I have a fairly mature product based on the nrf51422_aa with soft device s310 version one using the GCC toolchain. I recently ported the design to the latest SDK (9.0)and soft device (s310 Version 3) and ac variant of the processor. I have run into a perplexing bug.
When I did the port, I updated my toolchain to the same one reference in "Makefile.Windows" in the sdk, "4.9 2015q1". After completing the port, I had a repeatable hard fault that I could trigger with a particular BLE command.
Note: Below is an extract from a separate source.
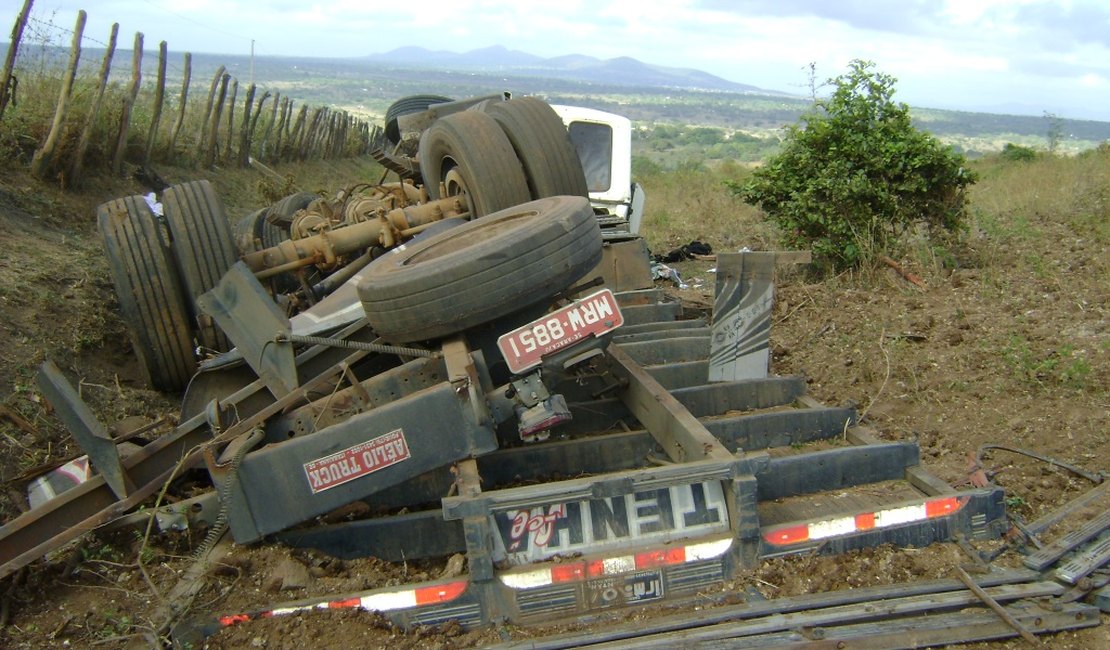 Caminhão perde o controle, sai da pista e capota na Serra das Pias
The hard fault was caused by an illegal memory access past the end of RAM. The illegal memory access was caused by something corrupting the contents of register R7. Either I have wild pointers corrupting the stack or something is not obeying the ARM calling conventions to preserve register R7.
Now I have discovered if I switch the toolchain from "4.9 2015q1" to "4.8 2014q3" that I used for most of my other development, that hard fault goes away because the compiler puts a critical variable in R6, not R7. Doubt it is a compiler bug but possible I suppose. In limited testing, the code appears to behave perfectly with old compiler but repeatably crashes with new compiler.
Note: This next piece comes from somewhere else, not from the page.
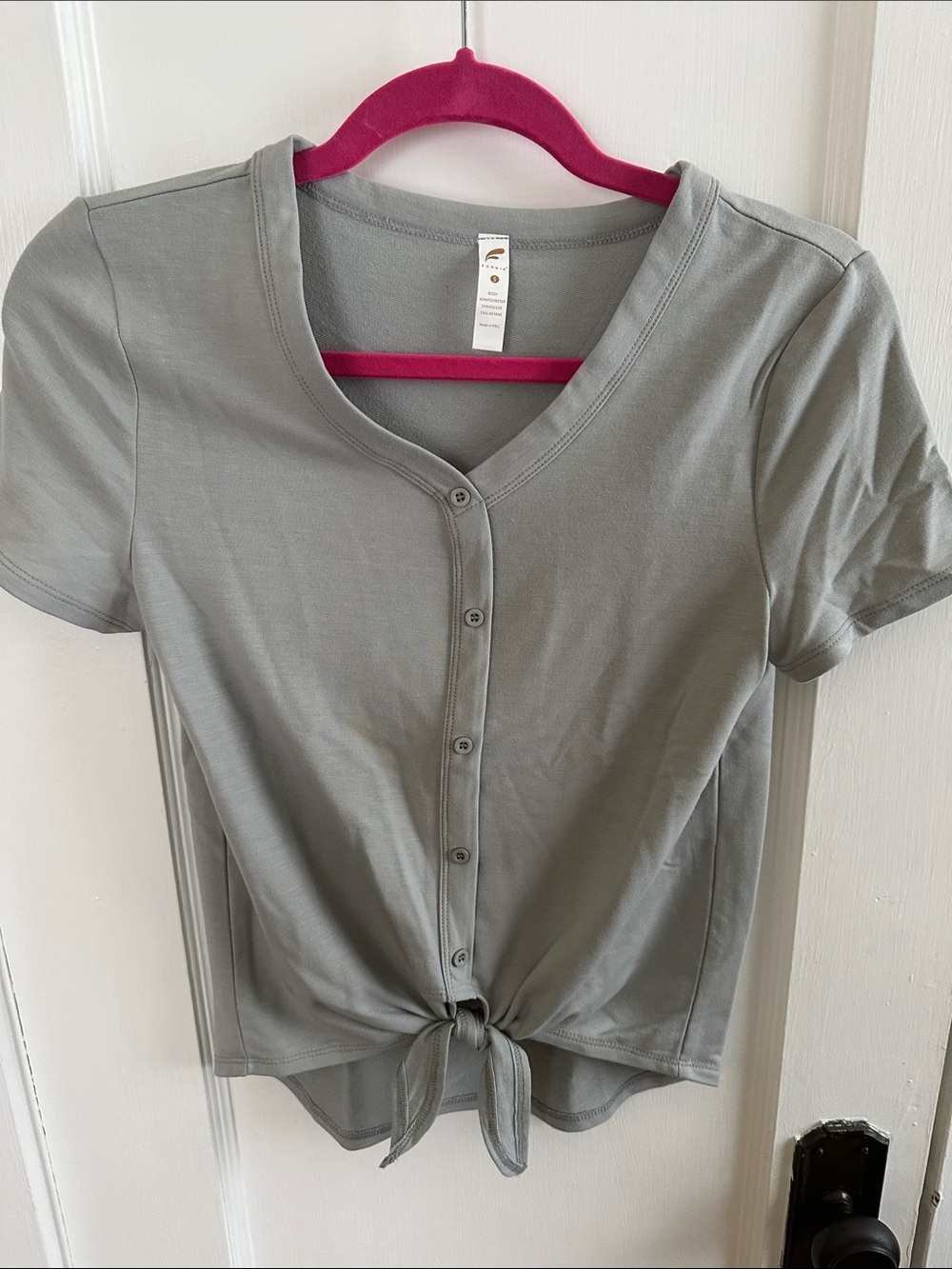 Women’s Sage Green Button-Front Tie Hem Top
So I tried going back and recompiling previous code that had been thoroughly tested and rolled out to customers with the "4.9 2015q1" compiler. That code did not hard fault but it immediately started misbehaving on the simplest tests.
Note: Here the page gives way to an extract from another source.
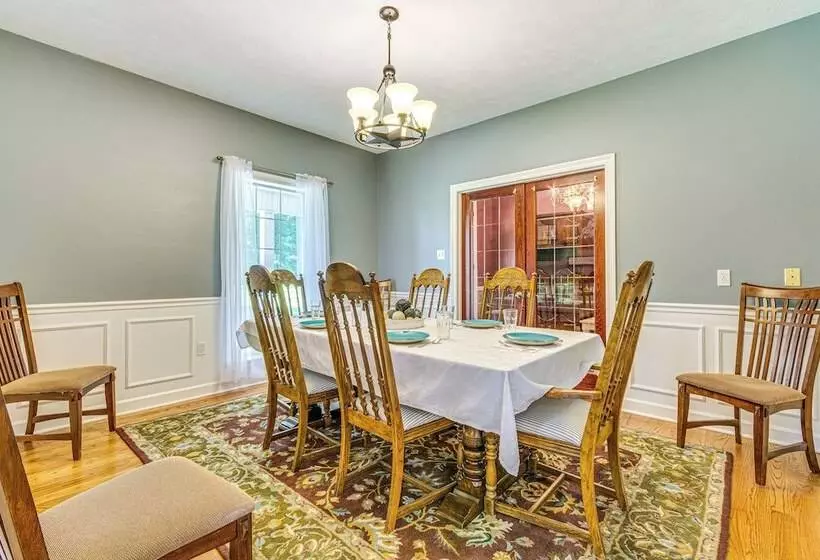 Pet Friendly Vilonia Home W/ Fenced Yard & Grill!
In the course of troubleshooting, a coworker pointed out a potential issue with nrf_svc.h when used with gcc. Line 52 uses the "naked" keyword:
#ifdef SVCALL_AS_NORMAL_FUNCTION
#define SVCALL(number, return_type, signature) return_type signature
#else
#ifndef SVCALL
#if defined (__CC_ARM)
#define SVCALL(number, return_type, signature) return_type __svc(number) signature
#elif defined (__GNUC__)
#define SVCALL(number, return_type, signature) \
_Pragma("GCC diagnostic ignored \"-Wunused-function\"") \
_Pragma("GCC diagnostic push") \
_Pragma("GCC diagnostic ignored \"-Wreturn-type\"") \
__attribute__((naked)) static return_type signature \
{ \
__asm( \
"svc %0\n" \
"bx r14" : : "I" (number) : "r0" \
); \
} \
_Pragma("GCC diagnostic pop")
#elif defined (__ICCARM__)
According to gcc documentation:
This attribute allows the compiler to construct the requisite function declaration, while allowing the body of the function to be assembly code. The specified function will not have prologue/epilogue sequences generated by the compiler. Only basic asm statements can safely be included in naked functions (see Basic Asm). While using extended asm or a mixture of basic asm and C code may appear to work, they cannot be depended upon to work reliably and are not supported.
And the colons in the assembly indicate extended assembly is being used (gcc docs on extended asm)
It appears to me that Nordic is violating the explicit warning about the naked keyword. Is that a bug or is there another explanation?
Any ideas on how to isolate my root issue with R7 corruption / compiler sensitivity?